Praful Bidwai on India's contribution to the climate negotiations.
09 December 2009
In the media

Pressures have mounted on India to go for major reductions in greenhouse gas emissions.

Published at
Mainstream Weekly

The world’s biggest industrial disaster took place in Bhopal on December 3, 1984 taking a toll of 20,000 lives and affecting 5.69 lakh people. The twentyfifth anniversary of that massive mishap at the Union Carbide plant in the city is being observed across the country today.

That disaster is a crying shame for all our citizens. Why? For three reasons. First, the real culprit behind the mishap, the Union Carbide management, got away real cheap—the Union Government reached a settlement with it in 1989, and this was approved by the Supreme Court, on the basis of which the company agreed to pay $ 470 million (which was Rs 730 crores as per the rupee-dollar exchange rate prevailing then) as compensation for the victims in return for the government dropping all civil and criminal proceedings against it. This was actually peanuts if only one tries to ponder over the enormity of the Union Carbide’s crime.

Second, the Union Carbide Chairman, Warren Anderson, was arrested three days after the tragedy and bailed out immediately to enable him to leave the country; a non-bailable warrant was issued against him by a Bhopal court in 1992 but it remains unserved.

Third, of the Rs 713 crores paid by Carbide, Rs 113 crores was given to those who had suffered property or livestock damage while the remaining Rs 600 crores was distributed among the nearly six lakh victims or family members of those who died—on average, therefore, each victim received a mere Rs 12,410. For this it is the government which should be squarely blamed: it had underestimated the number of those affected by the tragedy.

In the circumstances the least that can be done has been spelt out in The Times of India:

As for the victims’ claim for more compensation, the shameful settlement with Union Carbide can perhaps no longer be reopened. But the government, which negotiated that deal, must make good the loss to victims resulting from its gross underestimation of their numbers initially. Or else, India will appear a banana republic.

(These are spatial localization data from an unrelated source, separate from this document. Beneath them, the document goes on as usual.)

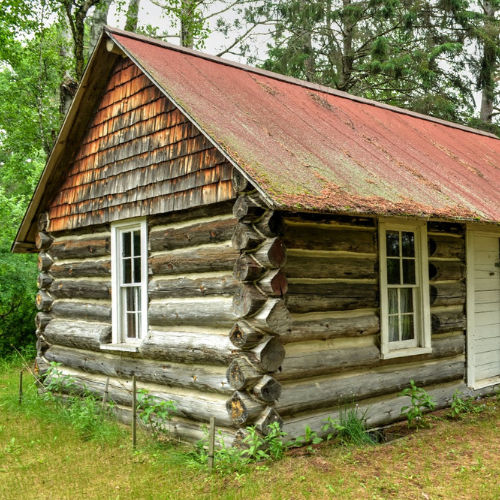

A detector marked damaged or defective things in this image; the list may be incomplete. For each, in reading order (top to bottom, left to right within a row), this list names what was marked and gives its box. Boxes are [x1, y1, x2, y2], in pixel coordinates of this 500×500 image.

rusty red metal roof [109, 28, 500, 222]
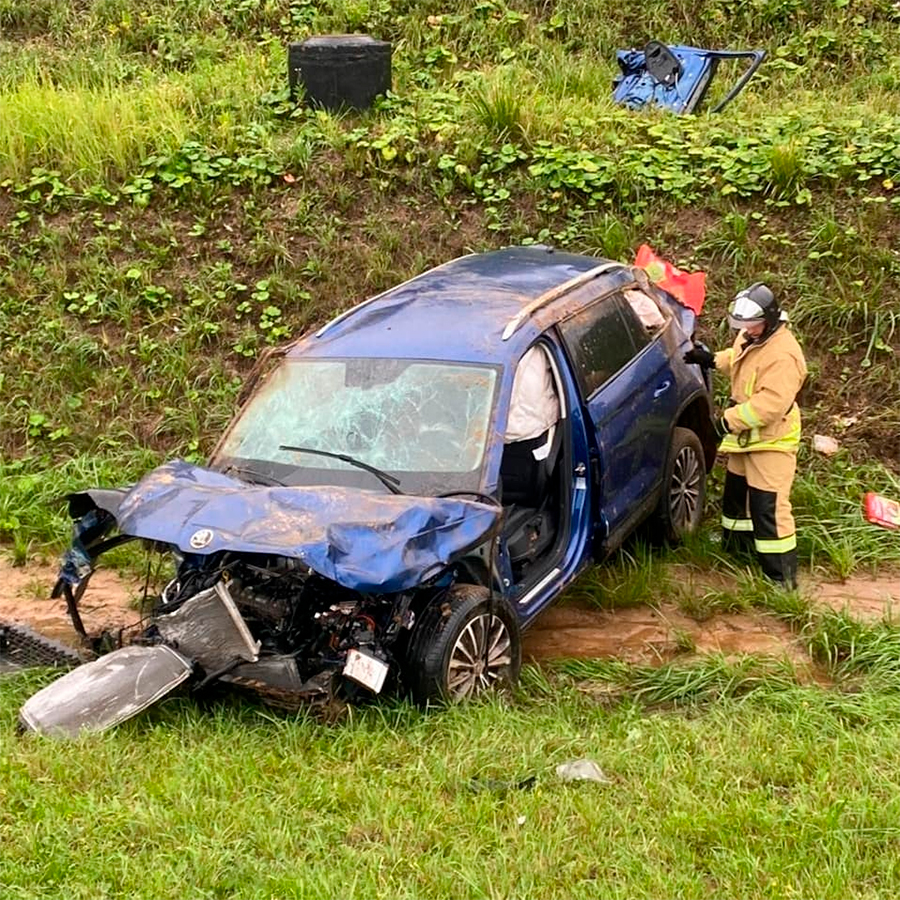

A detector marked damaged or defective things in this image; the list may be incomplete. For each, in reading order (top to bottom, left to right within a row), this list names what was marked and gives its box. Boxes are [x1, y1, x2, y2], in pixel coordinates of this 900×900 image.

cracked windshield [220, 356, 500, 478]
damaged hood [77, 460, 500, 596]
wrecked blue suv [17, 248, 712, 740]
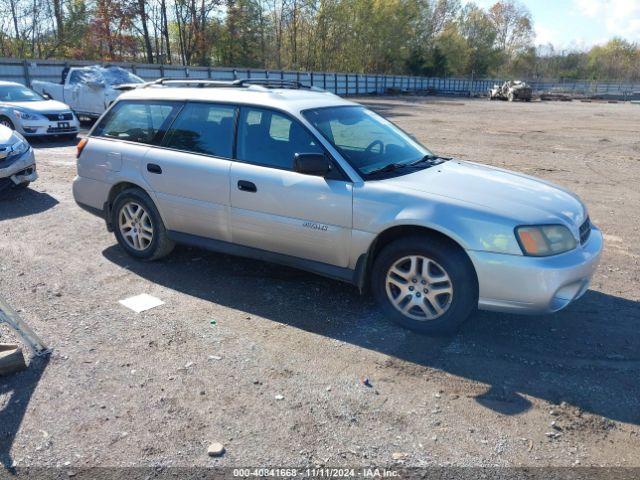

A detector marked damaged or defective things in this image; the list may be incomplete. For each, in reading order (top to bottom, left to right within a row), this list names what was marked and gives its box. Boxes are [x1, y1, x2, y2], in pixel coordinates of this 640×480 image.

damaged white car [31, 65, 144, 119]
damaged white car [0, 124, 36, 194]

Meanwhile with the Copenhagen Conference on Climate Change scheduled to begin next Monday (December 7), pressures have mounted on India to go for major reductions in greenhouse gas emissions. This has come in the wake of China declaring, on November 26, that it would voluntarily reduce the carbon intensity of its economy by 40-45 per cent below the 2005 levels by 2020, a day after the US announced cutting its GHG emissions by roughly four per cent below the 1990 levels by 2020. In the circumstances India is reportedly contemplating a targeted reduction in its carbon intensity for 2020, though Environment Minister Jairam Ramesh has made it clear that it would be doing so on its own and not due to global bullying tactics.

In this context what journalist Praful Bidwai has explained in his recent publication merits close scrutiny.

The real test for India lies in combining the right measure of flexibility on tactics with hard-nosed, uncompromising bargaining on issues of principle, including the principle of differentiation of climate responsibility. The rich must act first and do more. There can be no retreat from this imperative. Whether and how Manmohan Singh balances or squares up his climate agenda with his foreign and security policy priority to align India with the US will decide whether India can make a real contribution to the climate negotiations.

That is the crux of the problem. If we are able to resolve it without bending to global pressures and giving in to US blandishments, we would prove beyond doubt that we remain steadfast in our traditional self-reliant approach and the country has not yet been turned into a banana republic.